April 24, 2013 — Gov. Deval Patrick has aimed lower than the state attorney general and more than 60 lawmakers had requested in seeking an 11th-hour reprieve for the groundfishery.
Instead of appealing to President Obama as Attorney General Martha Coakley and lawmakers had hoped, the governor asked the acting commerce secretary, Rebecca Blank, to “encourage” NOAA to reverse a legal position, explained in an undisclosed memorandum, and allow a second consecutive year of lesser catch reductions in Gulf of Maine cod than the 77 percent the agency is targeting now.

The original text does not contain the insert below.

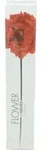 KENZO Flower Donna, Frauen, 100 ml, 1 St&uuml;ck(e)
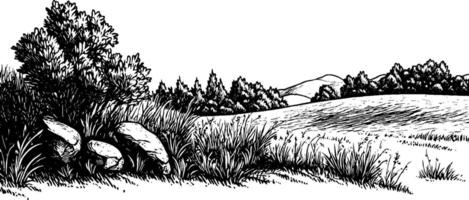 A detailed black and white illustration of a serene landscape featuring large rocks, tall grass, and trees in the foreground, with rolling hills in the background. vector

Cuts of that level for the fishing year beginning May 1, are widely feared to be the coup de grace for the Northeast groundfishing fleet, declared to represent a socio-economic industry disaster last September.
Asserting that he is governed by the confidential legal memo from NOAA General Counsel Lois Schiffer, NOAA’s Gloucester-based Northeast regional administrator, John Bullard has said was close to publishing a binding administrative rule that would cut in shore cod landings by 77 percent, Georges Bank cod, yellowtail flounder by more than 60 percent and many other stocks by significant amounts.
Asked why the letter was sent to the acting commerce secretary and not the president, Reginald Zimmerman, a spokesman for the governor said in an email, “Secretary Blank … is a member of the Obama administration.”
Patrick and Obama became friends as Harvard Law School students; Patrick was a co-chairman of the Obama re-election campaign.